Studies show that customers care about 5 things in their customer service experience no matter the product or service:
Quality, Not Seconds, Count
Yes, customers don’t like having their time squandered when dealing with a problem with a product or service they purchased. But what customers really care about is a great customer service experience – even if it takes a little longer.
RightNow’s Customer Experience Impact Report (2010) demonstrates the point. 85 percent of respondents to their survey said they would pay as much as 25 percent more to ensure a superior customer service experience. Some 40 percent of consumers switched to a competitor’s product because of its reputation for great customer service. Very few people, if any, said something like, “The customer service sucked but I was taken care of quickly.”
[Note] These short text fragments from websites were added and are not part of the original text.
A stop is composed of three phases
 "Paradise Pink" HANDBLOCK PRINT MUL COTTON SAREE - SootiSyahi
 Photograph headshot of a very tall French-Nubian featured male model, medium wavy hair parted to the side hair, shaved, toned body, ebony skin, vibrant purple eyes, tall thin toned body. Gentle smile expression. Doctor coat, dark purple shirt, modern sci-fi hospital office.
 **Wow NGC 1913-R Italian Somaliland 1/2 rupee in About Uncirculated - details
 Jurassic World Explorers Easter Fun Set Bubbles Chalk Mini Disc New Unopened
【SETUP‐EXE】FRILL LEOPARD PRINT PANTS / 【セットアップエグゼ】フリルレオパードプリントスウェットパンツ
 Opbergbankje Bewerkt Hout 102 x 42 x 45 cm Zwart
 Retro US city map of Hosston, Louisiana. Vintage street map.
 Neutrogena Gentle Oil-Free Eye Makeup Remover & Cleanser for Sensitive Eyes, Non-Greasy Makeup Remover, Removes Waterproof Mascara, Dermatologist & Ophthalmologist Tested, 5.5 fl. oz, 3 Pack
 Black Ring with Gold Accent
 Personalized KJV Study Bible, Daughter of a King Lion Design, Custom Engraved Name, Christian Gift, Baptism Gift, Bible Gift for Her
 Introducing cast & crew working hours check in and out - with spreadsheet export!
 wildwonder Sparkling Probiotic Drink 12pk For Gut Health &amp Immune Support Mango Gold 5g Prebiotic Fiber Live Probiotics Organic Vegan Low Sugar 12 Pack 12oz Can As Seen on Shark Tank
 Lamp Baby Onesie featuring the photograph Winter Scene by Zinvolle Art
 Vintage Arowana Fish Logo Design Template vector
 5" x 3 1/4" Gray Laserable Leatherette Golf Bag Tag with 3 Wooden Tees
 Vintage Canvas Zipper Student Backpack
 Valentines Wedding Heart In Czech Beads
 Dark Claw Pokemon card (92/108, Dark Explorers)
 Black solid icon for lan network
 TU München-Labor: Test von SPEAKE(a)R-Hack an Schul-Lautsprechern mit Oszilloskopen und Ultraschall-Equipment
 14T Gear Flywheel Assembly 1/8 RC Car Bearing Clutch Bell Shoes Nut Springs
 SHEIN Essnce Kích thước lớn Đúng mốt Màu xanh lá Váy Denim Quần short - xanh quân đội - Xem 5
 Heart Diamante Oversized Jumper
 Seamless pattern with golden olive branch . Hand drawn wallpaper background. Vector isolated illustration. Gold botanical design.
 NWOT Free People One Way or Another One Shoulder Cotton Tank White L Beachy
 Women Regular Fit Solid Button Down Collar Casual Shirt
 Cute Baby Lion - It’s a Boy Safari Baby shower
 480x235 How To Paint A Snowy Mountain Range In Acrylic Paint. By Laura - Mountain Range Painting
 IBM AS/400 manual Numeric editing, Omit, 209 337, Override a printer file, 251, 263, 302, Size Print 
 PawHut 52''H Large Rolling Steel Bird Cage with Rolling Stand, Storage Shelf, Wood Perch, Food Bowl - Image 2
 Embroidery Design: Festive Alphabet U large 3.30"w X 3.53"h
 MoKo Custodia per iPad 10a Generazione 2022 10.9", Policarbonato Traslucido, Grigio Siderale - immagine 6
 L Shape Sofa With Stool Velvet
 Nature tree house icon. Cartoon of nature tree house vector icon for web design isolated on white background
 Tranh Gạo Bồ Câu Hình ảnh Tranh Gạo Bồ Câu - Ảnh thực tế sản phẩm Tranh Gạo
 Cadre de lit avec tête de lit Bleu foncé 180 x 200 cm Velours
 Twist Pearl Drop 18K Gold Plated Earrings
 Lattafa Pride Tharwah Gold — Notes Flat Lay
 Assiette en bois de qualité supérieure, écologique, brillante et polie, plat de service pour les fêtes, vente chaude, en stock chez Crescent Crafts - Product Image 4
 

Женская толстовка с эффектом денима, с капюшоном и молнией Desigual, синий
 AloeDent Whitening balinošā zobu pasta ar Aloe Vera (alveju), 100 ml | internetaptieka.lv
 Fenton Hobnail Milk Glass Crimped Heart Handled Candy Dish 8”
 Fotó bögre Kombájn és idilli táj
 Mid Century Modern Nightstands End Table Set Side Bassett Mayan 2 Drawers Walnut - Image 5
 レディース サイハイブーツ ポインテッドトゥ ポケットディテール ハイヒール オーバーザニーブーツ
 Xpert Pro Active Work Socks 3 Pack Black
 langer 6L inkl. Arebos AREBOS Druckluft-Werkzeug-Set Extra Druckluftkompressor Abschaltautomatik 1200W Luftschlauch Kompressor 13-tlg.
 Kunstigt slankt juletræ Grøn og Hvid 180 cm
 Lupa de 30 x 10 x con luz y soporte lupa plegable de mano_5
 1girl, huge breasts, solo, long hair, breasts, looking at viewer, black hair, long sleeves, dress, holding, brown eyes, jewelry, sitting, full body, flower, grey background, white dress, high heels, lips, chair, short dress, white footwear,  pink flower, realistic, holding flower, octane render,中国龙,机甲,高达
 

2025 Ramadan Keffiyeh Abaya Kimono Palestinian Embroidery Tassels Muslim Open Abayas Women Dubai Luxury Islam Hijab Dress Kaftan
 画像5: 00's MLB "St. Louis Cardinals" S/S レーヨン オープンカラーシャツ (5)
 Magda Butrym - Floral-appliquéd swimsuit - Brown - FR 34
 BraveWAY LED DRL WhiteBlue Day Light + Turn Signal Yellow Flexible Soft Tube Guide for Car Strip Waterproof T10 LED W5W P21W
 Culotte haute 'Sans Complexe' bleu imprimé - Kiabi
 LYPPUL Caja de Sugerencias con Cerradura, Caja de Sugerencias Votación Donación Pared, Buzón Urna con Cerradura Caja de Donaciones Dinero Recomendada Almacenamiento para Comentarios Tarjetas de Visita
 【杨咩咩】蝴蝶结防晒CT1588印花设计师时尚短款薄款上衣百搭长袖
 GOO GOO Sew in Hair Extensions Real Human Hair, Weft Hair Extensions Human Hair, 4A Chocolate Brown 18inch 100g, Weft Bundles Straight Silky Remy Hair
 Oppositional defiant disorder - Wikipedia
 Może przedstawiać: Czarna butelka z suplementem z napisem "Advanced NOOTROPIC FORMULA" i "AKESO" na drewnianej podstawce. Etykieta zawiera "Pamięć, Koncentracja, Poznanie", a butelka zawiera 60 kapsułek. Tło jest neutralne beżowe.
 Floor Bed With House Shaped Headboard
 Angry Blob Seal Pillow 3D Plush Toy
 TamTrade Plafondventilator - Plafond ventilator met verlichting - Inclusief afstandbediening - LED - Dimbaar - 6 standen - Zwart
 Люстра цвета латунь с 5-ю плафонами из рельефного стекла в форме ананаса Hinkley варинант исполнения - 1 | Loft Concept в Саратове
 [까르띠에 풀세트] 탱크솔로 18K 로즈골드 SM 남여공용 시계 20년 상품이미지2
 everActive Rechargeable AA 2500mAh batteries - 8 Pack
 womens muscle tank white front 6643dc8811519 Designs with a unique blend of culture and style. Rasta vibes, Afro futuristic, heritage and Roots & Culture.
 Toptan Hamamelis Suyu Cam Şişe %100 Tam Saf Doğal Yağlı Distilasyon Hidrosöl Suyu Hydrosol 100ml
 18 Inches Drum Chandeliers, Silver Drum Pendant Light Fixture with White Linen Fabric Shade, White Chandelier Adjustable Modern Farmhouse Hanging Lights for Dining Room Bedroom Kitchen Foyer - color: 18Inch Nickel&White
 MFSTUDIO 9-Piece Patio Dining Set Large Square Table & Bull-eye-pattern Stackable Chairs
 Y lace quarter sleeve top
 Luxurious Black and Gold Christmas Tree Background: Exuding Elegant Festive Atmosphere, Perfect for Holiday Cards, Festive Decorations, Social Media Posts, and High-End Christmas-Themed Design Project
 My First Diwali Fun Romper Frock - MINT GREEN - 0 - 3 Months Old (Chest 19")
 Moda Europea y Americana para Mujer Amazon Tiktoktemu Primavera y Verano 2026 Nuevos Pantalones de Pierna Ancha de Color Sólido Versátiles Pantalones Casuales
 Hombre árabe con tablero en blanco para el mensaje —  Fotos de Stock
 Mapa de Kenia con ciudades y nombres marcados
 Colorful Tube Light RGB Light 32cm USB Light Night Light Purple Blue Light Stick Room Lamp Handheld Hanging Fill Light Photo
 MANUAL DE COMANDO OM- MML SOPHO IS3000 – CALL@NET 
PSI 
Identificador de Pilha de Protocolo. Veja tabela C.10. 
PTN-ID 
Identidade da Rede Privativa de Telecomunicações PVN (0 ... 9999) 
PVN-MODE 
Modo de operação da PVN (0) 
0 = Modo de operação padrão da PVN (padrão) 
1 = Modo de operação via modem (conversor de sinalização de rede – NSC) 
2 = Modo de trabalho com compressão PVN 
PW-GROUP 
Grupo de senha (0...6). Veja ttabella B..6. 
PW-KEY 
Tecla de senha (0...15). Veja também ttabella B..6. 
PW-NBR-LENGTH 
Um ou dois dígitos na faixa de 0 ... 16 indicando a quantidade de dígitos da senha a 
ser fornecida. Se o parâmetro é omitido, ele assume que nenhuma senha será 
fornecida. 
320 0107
It’s All About the Attitude
Employee attitudes are often key to giving customers what they want. A Gallup study showed that “lasting (“loyal”) relationships result from the culmination of regular contacts between customers and companies – and the net result of these ongoing interactions is an emotional connection that represents the bond between the customer and the company.”
What customers want is a great customer service experience – even if it takes a little longer or costs a little more. “The speed of an individual interaction is far less relevant than its ability to cement the emotional attachment that the customer feels to the company,” Gallup’s research shows.
What’s in Your Loyalty Program?
In their research into loyalty programs, Joseph C. Nunes and Xavier Drèze discovered what they called the Endowed Progress Effect or ‘artificial advancement.’ In short, if you give your customers a head start in your loyalty program, they will be more loyal.
The study tested two loyalty programs: one where eight stamps were needed to get a free car wash; and another where 10 stamps were needed to get a free wash BUT customers were given two free stamps toward the goal. Either way, a free car wash required eight visits but, by a margin of nearly two to one (34 percent vs. 19 percent) customers completed their cards if they got the two stamp bonus.
The other factor affecting customer loyalty is ‘status.’ It’s great to be a gold or platinum member of a loyalty program but, Nunes and Drèze discovered, it’s just as important that your ranking infer that your status is above others in the program. In other words, precious metal status is relatively meaningless unless there’s some copper or bronze bonehead beneath you.
You want customer loyalty, your customers want ease and status.
Goodwill, AKA the Wow Factor
Social psychologists sometimes refer to reciprocity: When a person is the benefactor of a small, unexpected act of kindness they often respond in kind and then some.
If your employees exceed your customer expectations with a simple, random act of kindness – a “frugal wow,” the goodwill it generates can improve your bottom line in spades. It doesn’t take much, something as simple as a can of Coca-Cola can make your customers raving fans.
Can a mint—and we’re talking breath freshener here, not the place they make coins—increase revenues by nearly 25 percent? Yes, when it demonstrates how personalized you make your customers’ experiences. A 2006 study published in the Journal of Applied Psychology proves the point.
Customers don’t just love a personalized customer service experience, they adore it and they will reward it with increased revenues. Hint: It’s not the mints. It’s the way they were presented to diners in the study. It’s the way this small gesture (made twice in this case) says, ‘I really care about your customer service experience.’